I remember when I was a junior/intermediate developer. I was brave, cocky and loved taking risks. The less I knew, the more I was willing to stick my neck out. I’d do things just to prove it could be done; there were no shortages of challenges. But with more experience comes more caution and less risk aversion. This was especially true as I became more aware of the ramifications of my actions. I couldn’t fall back on ignorance and lack of experience as an excuse.
But when it came to thinking up new ideas for products, I couldn’t think outside the box. Nor could I think of anything new and original. For every idea I imagined, I already had an opinion. Either it was too simple, or would get done before I’d have the time to say “boo”. I always found something to demotivate me. I didn’t know how to come up with ideas. What problem could I solve that? What wrong was there in the world that required my particular brand of skill. The only thing I was becoming sure of was that I needed to put myself back in my shoes as a junior developer. Find something that would light that fire. I wanted to take a risk into the unknown.

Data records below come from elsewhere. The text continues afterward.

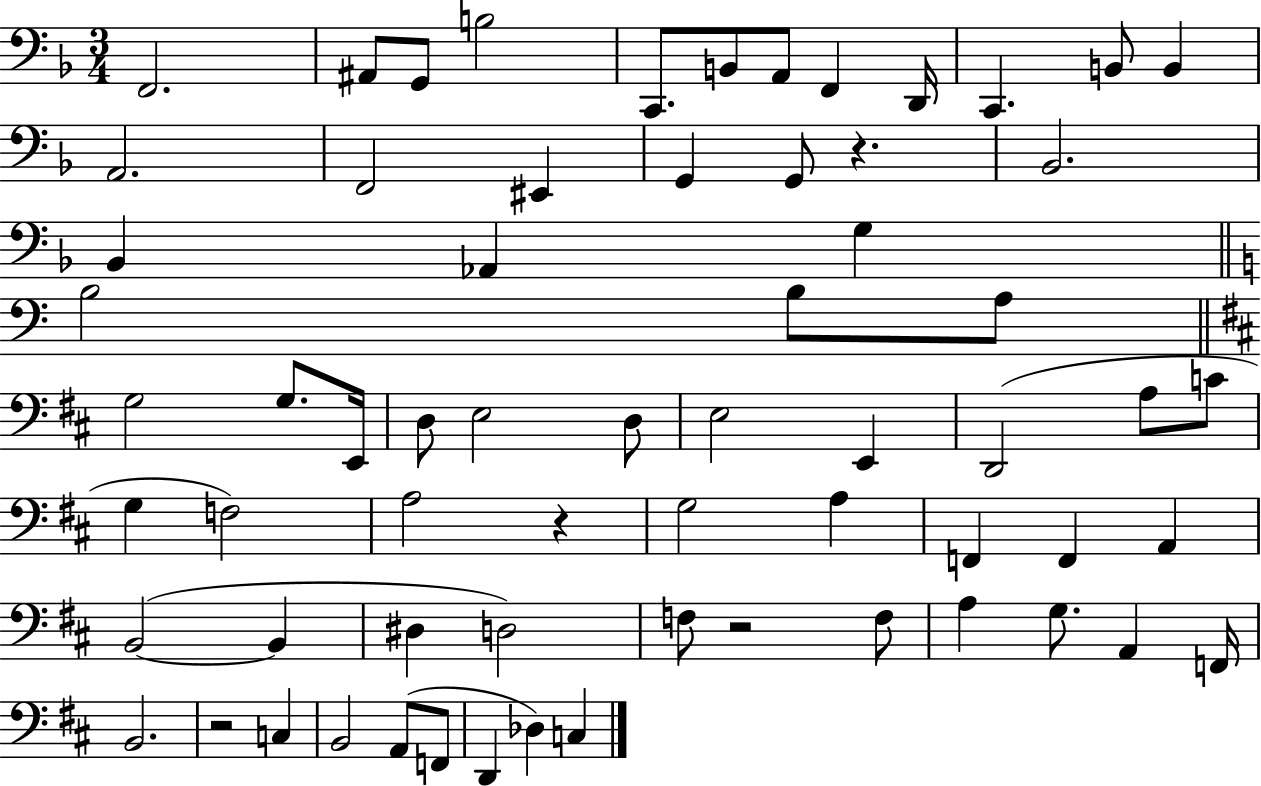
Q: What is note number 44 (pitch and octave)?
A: B2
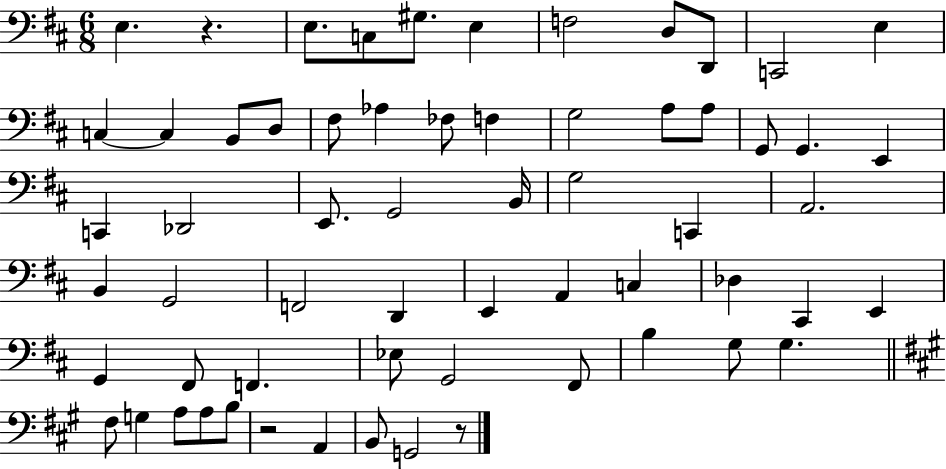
X:1
T:Untitled
M:6/8
L:1/4
K:D
E, z E,/2 C,/2 ^G,/2 E, F,2 D,/2 D,,/2 C,,2 E, C, C, B,,/2 D,/2 ^F,/2 _A, _F,/2 F, G,2 A,/2 A,/2 G,,/2 G,, E,, C,, _D,,2 E,,/2 G,,2 B,,/4 G,2 C,, A,,2 B,, G,,2 F,,2 D,, E,, A,, C, _D, ^C,, E,, G,, ^F,,/2 F,, _E,/2 G,,2 ^F,,/2 B, G,/2 G, ^F,/2 G, A,/2 A,/2 B,/2 z2 A,, B,,/2 G,,2 z/2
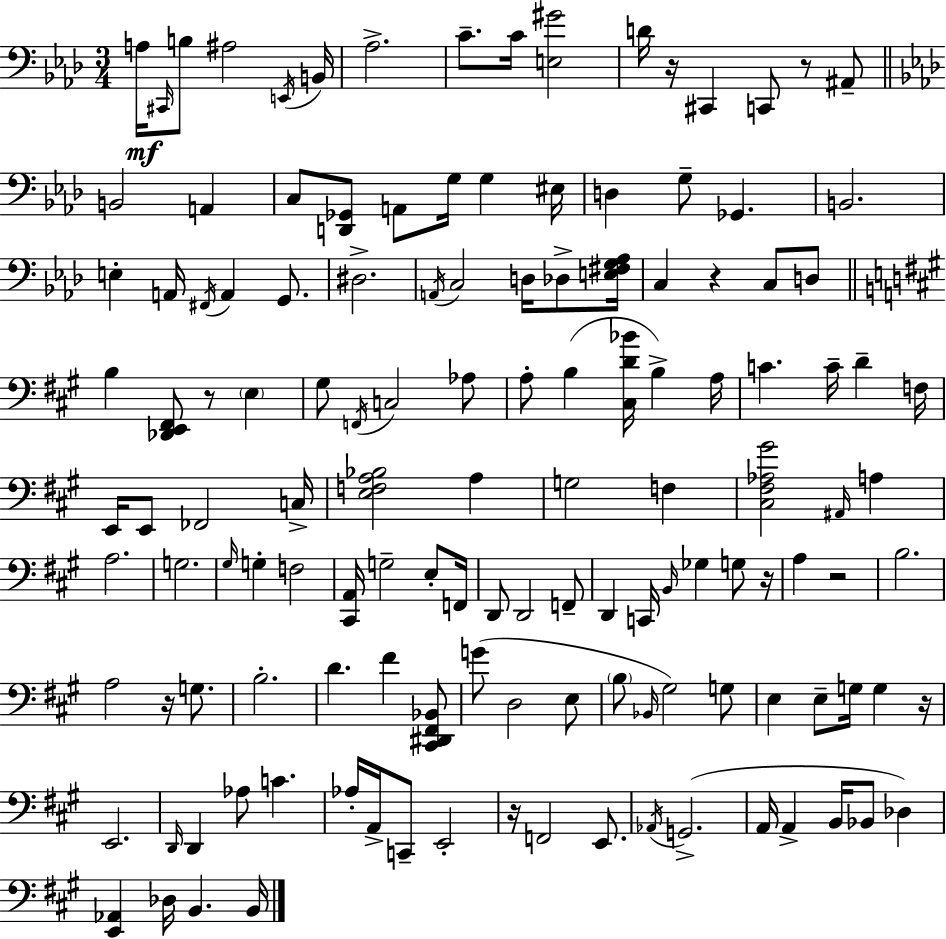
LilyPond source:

{
  \clef bass
  \numericTimeSignature
  \time 3/4
  \key aes \major
  \repeat volta 2 { a16\mf \grace { cis,16 } b8 ais2 | \acciaccatura { e,16 } b,16 aes2.-> | c'8.-- c'16 <e gis'>2 | d'16 r16 cis,4 c,8 r8 | \break ais,8-- \bar "||" \break \key f \minor b,2 a,4 | c8 <d, ges,>8 a,8 g16 g4 eis16 | d4 g8-- ges,4. | b,2. | \break e4-. a,16 \acciaccatura { fis,16 } a,4 g,8. | dis2.-> | \acciaccatura { a,16 } c2 d16 des8-> | <e fis g aes>16 c4 r4 c8 | \break d8 \bar "||" \break \key a \major b4 <des, e, fis,>8 r8 \parenthesize e4 | gis8 \acciaccatura { f,16 } c2 aes8 | a8-. b4( <cis d' bes'>16 b4->) | a16 c'4. c'16-- d'4-- | \break f16 e,16 e,8 fes,2 | c16-> <e f a bes>2 a4 | g2 f4 | <cis fis aes gis'>2 \grace { ais,16 } a4 | \break a2. | g2. | \grace { gis16 } g4-. f2 | <cis, a,>16 g2-- | \break e8-. f,16 d,8 d,2 | f,8-- d,4 c,16 \grace { b,16 } ges4 | g8 r16 a4 r2 | b2. | \break a2 | r16 g8. b2.-. | d'4. fis'4 | <cis, dis, fis, bes,>8 g'8( d2 | \break e8 \parenthesize b8 \grace { bes,16 }) gis2 | g8 e4 e8-- g16 | g4 r16 e,2. | \grace { d,16 } d,4 aes8 | \break c'4. aes16-. a,16-> c,8-- e,2-. | r16 f,2 | e,8. \acciaccatura { aes,16 } g,2.->( | a,16 a,4-> | \break b,16 bes,8 des4) <e, aes,>4 des16 | b,4. b,16 } \bar "|."
}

I don’t believe in pitfalls. I believe in taking risks and not doing the same thing twice.
– Guy Laliberte
Somehow, perhaps after having watched a TED Talk. Or maybe after reading an article in Fortune. I came up with something. It’s super simple. It’s simple enough that I can state it’s purpose in one sentence. It’s also in a field I know little about, but I think has potential. But because I know little about it, I can come at it with a fresh perspective. And because I know the high-level goal, today I have something aim for.
So to keep things not complicated, I decided to put a one year plan together. The purpose of the plan is this. 1) Develop the software platform keeping in mind the overarching goal. No specifics or details beyond something functional. 2) Once I have something working, do research in the idea. Breaking it down into chunks. Categorising everything as a go. 3) Normalise all the information and determine the best direction to go. 4) Once I know enough, develop the features that would best fit in the platform. 5) Develop the features in iterations.
At some during step 5, I’ll have to determine when I can release the platform in beta. It would have to be at some point when the features are still high level enough so users aren’t driven away by a rigid system. But still useful enough to drive users’ focus in the direction I want the platform to go.